Human rights groups held demonstrations in the United States and elsewhere Thursday to protest the detention of terrorism suspects at the U.S. facility at Guantanamo Bay, Cuba. This week marks five years since the detention center opened. VOA's Sean Maroney reports from Washington.
Hundreds of protesters packed the sidewalk at the foot of the U.S. Supreme Court, demanding that the United States close its Guantanamo Bay prison shouting "What do we want? Justice! When do we want it now? Now!" and in Spanish "Que queremos? Justicia! Cuando?
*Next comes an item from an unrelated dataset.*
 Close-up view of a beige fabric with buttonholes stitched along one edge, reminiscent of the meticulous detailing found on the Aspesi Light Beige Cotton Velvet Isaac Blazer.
Ahora!"
The prison opened five years ago in the wake of the September 11, 2001 terrorist attacks on the United States and after the start of the U.S.-led war in Afghanistan.
U.S. officials say the prison's purpose is to hold and question enemy combatants as part of the war on terror.
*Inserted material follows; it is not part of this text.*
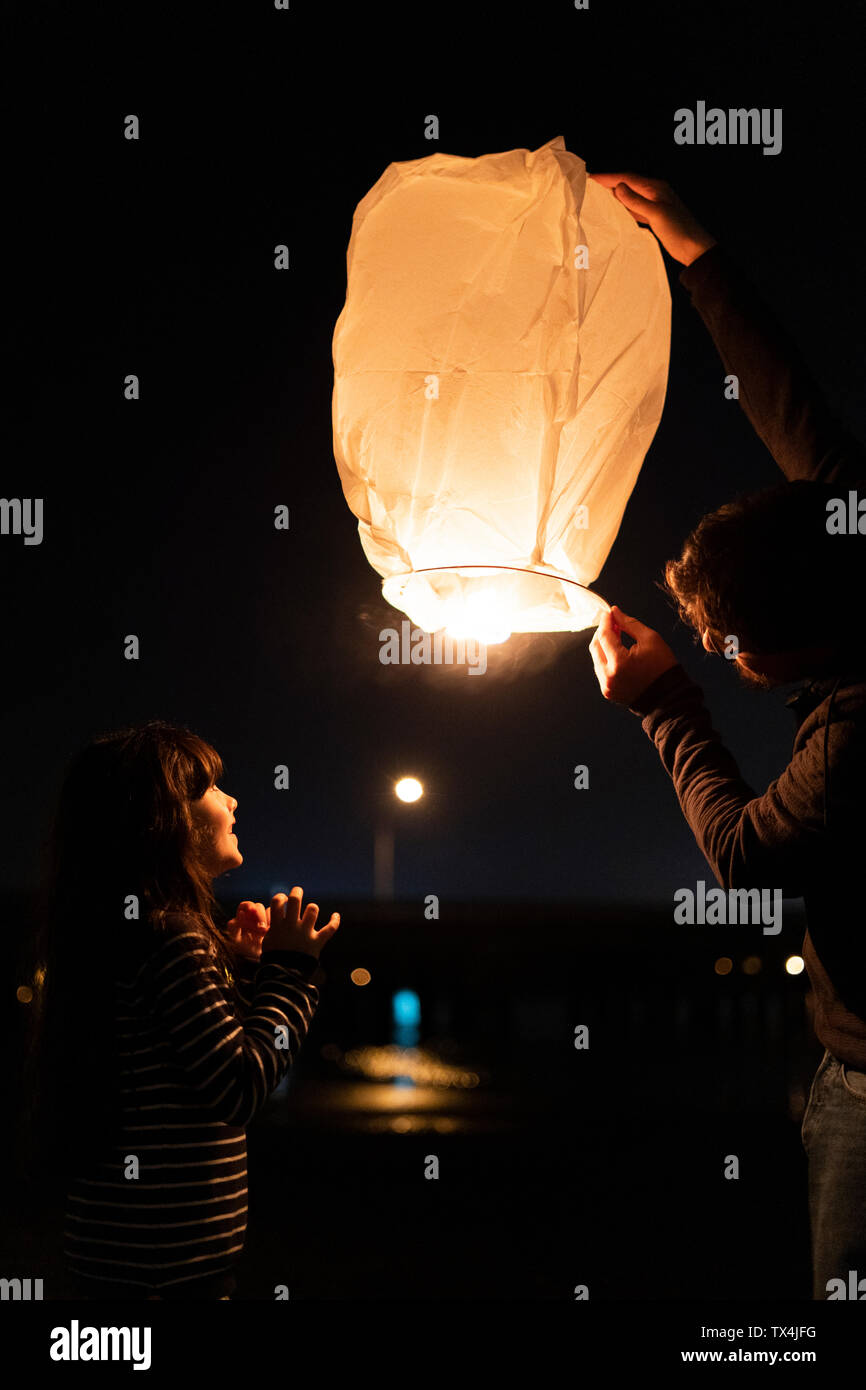 Padre e figlia preparare una lanterna di cielo di notte Foto Stock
However, of the nearly 800 detainees the center has held, only 10 have faced charges.
Amnesty International's Larry Cox told the crowd the United States cannot continue to detain people indefinitely. "There's no evidence that we have been made safer. But there is growing evidence, every single day,- that the U.S. government's moral authority and its ability to advance human rights have been severely diminished," he said.
Gitanjali Gutierrez, a lawyer with the Center for Constitutional Rights, has visited the prison and talked to its inmates. "I stand here as one of few civilian individuals who has been able to go to Guantanamo and sit across a table with a man who is shackled to the floor, who's been held for five years and has had very little contact with his family. Some of us have had to tell men about the death of their parents over these five years, about the birth of children that they have not seen and in some cases, about the death of a child," he said.
In a separate protest, authorities arrested nearly 100 protesters inside a Washington federal courthouse. The protesters wore orange jumpsuits such as those worn by Guantanamo detainees and demanded the release of the prisoners.
Other small protests against the U.S. detention center took place in Australia, Cuba and Britain.